Exercise description
Reproduce precisely the lines of the listing below, starting with the line that contains "Fishtail Palm Tree (Caryota mitis)" and stopping after the line that contains "Trapa natans var. bispinosa Trapa"; include nothing else.

#### Material for this exercise

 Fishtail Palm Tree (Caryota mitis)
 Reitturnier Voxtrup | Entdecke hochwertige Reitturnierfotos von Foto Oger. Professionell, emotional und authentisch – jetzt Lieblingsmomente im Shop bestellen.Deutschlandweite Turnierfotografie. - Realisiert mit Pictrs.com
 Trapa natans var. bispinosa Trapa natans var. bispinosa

########
#### Material for this exercise

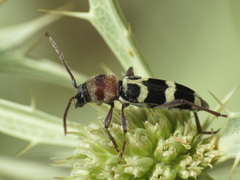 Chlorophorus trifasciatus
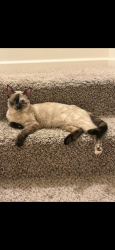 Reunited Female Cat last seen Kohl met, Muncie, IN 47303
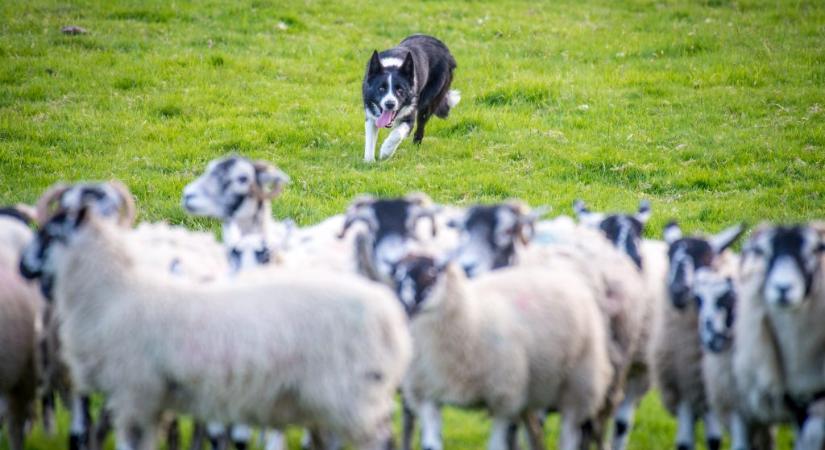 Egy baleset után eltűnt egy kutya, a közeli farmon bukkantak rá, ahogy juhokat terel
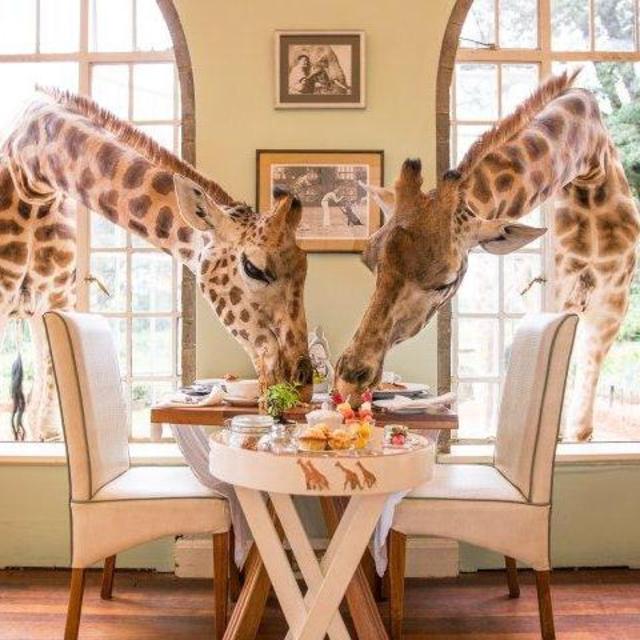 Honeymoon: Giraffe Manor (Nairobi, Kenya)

########
#### Material for this exercise

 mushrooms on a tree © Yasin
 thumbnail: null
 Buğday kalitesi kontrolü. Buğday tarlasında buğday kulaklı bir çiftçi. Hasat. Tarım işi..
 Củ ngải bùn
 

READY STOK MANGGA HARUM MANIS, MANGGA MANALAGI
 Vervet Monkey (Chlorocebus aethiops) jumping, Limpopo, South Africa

########

Response to the task
 Fishtail Palm Tree (Caryota mitis)
 Reitturnier Voxtrup | Entdecke hochwertige Reitturnierfotos von Foto Oger. Professionell, emotional und authentisch – jetzt Lieblingsmomente im Shop bestellen.Deutschlandweite Turnierfotografie. - Realisiert mit Pictrs.com
 Trapa natans var. bispinosa Trapa natans var. bispinosa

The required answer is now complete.